There’s a reason producers want to negotiate: “Chesapeake recently reported production of 30 MMcfe from 11 wells at its DFW [Dallas/Fort Worth] airport lease. Chesapeake has 18,000 acres covered by its airport lease and is targeting a peak production level of 250 MMcfe by year-end 2007,” White said.
The University of Texas at Arlington is partnering with Carrizo Oil & Gas to explore and develop Barnett acreage on the Tarrant County campus.
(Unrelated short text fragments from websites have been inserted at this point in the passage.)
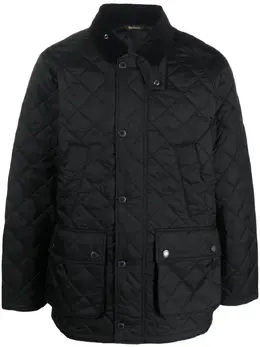 Barbour: Чёрная куртка  Ashby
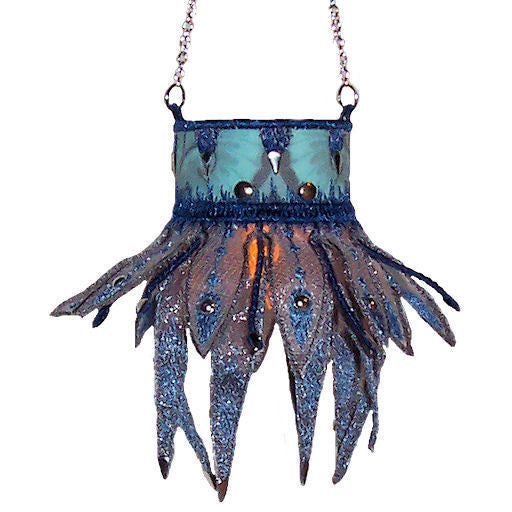 Hanging Flower Tealights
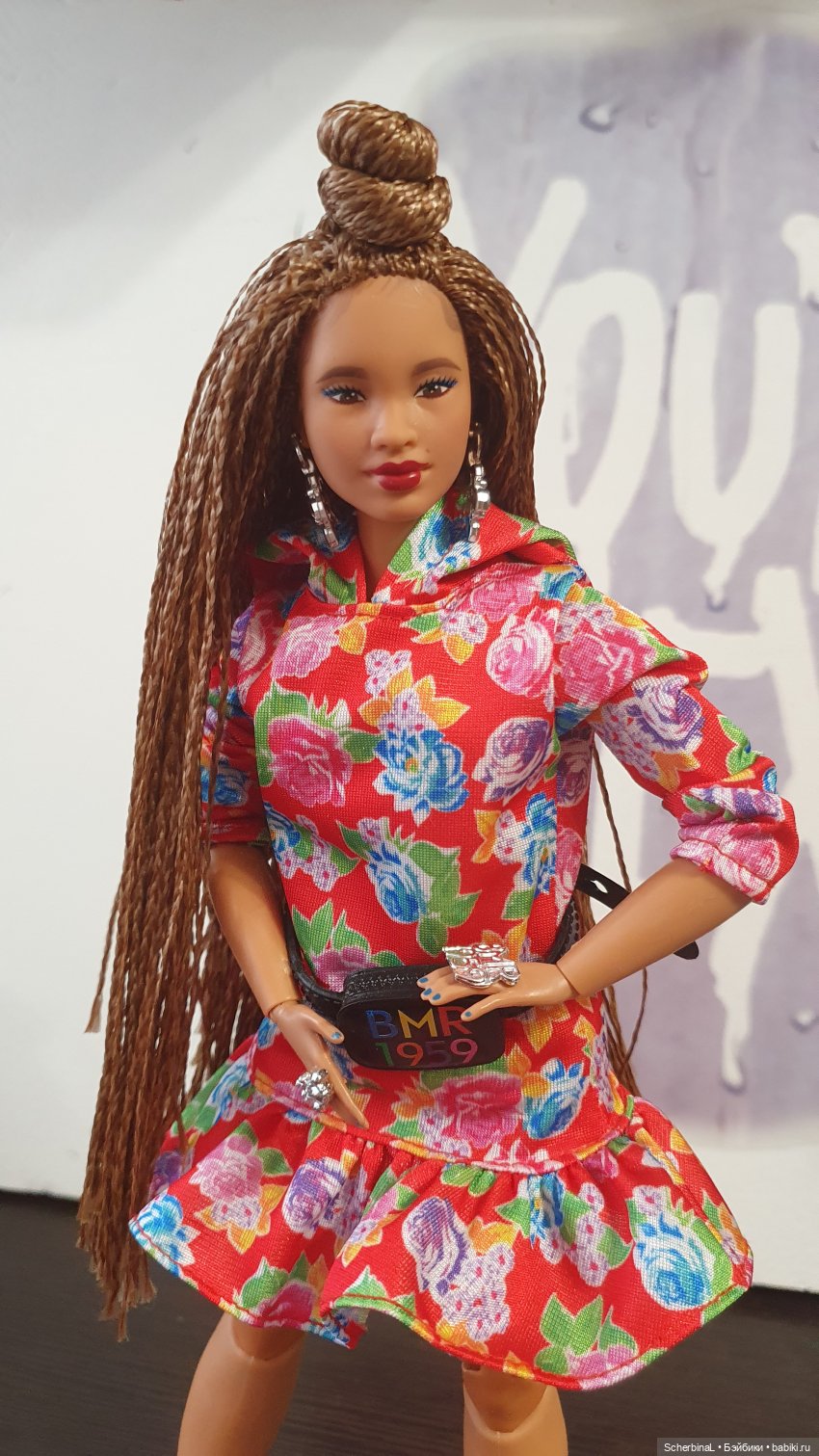 Косички — Коллекционные экшн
University officials have only committed to one drill site on the southeast edge of campus and will not commit to additional drill sites until further review, said White, but already, “Carrizo has identified five potential drilling sites in the campus area and has compensated the university with a $391,000 payment for the right to explore, a donation of $400,000, and a 27% royalty.” Initial drilling is expected early next year.
Another triumph for the Barnett leaseholders is the higher reserves per well, said White.
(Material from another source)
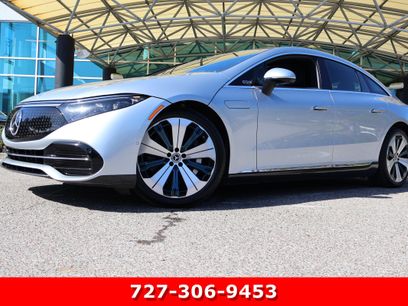 Certified 2022 Mercedes-Benz EQS 450+ EQS 450+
“In our research on the economics of the Barnett, we found companies are disclosing higher reserves for wells in each of the core, tier 1, and noncore areas compared to approximately one year ago.” (The core is in Fort Worth, with tier 1 production immediately surrounding the city and its adjacent counties.) “This is due to continued refinement of drilling, completion, and frac techniques. Based on company reports and our estimates, we are now using 4.2 Bcfe of reserves for the core versus our previous 3.5 Bcfe. Similarly, we are now employing 2.8 Bcfe of reserves for tier 1 versus our previous 2.2 Bcfe and 1.6 Bcfe for noncore versus our previous 1.1 Bcfe.”
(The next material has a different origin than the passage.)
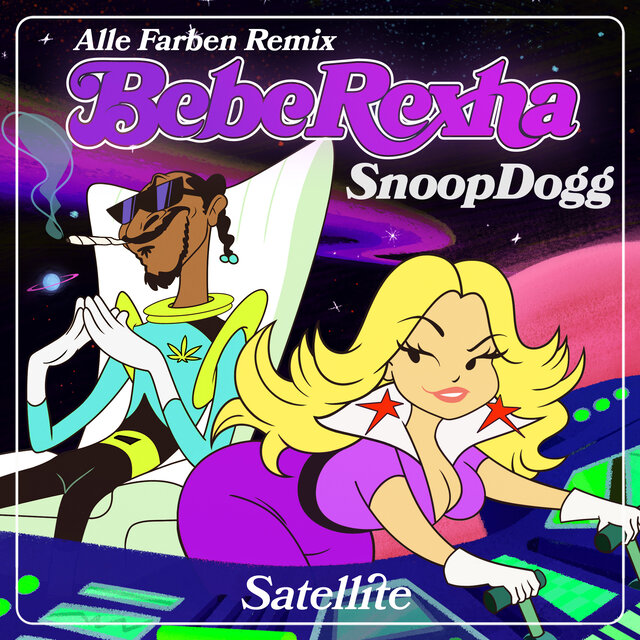 Bebe Rexha – Satellite (Alle Farben Remix) Ft. Snoop Dogg & Alle Farben 2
As other analysts have discovered, Natixis reported that Barnett’s costs are falling. In the core and tier 1 areas, Natixis reported that completed well costs are between 10% lower to flat from the same period a year ago. In general, White credited lower rig rates that were “partially offset by longer laterals, more extensive frac jobs and more expensive flex-rigs.”
Natixis base-case pricing in 2008 is $70/bbl for oil and $7.30/MMBtu for gas — which would offer operators a “robust” return. However, even if gas were to fall into the $4.50/MMBtu range, the Barnett core and tier 1 properties still would offer the “highest returns” of any other major gas shale play in the country. The Fayetteville, Barnett noncore and Woodford shales, among others, “would all probably experience significant slowdowns in activity” if gas were to fall to the $4.50 level.
“The repeatability of these plays and the desire to keep costs low through economies of scale adds an interesting element to the equation should a period of lower oil and gas prices materialize,” White said. “The repeatability and predictability of the established shale plays is much higher than conventional plays. In many of the conventional plays, operators will drill and complete a well and then observe the production and integrate the new well data into the subsurface analysis before commencing the next well.”
When gas prices fall, “these economies of scale and plans for multiple wells planned several quarters in advance will be an additional consideration in the decision to curtail drilling,” said White. “Curtailment of drilling would not only bring about lower production growth rates but also severely jeopardize the economies of scale and have a negative impact on planning and timing of the drilling effort.”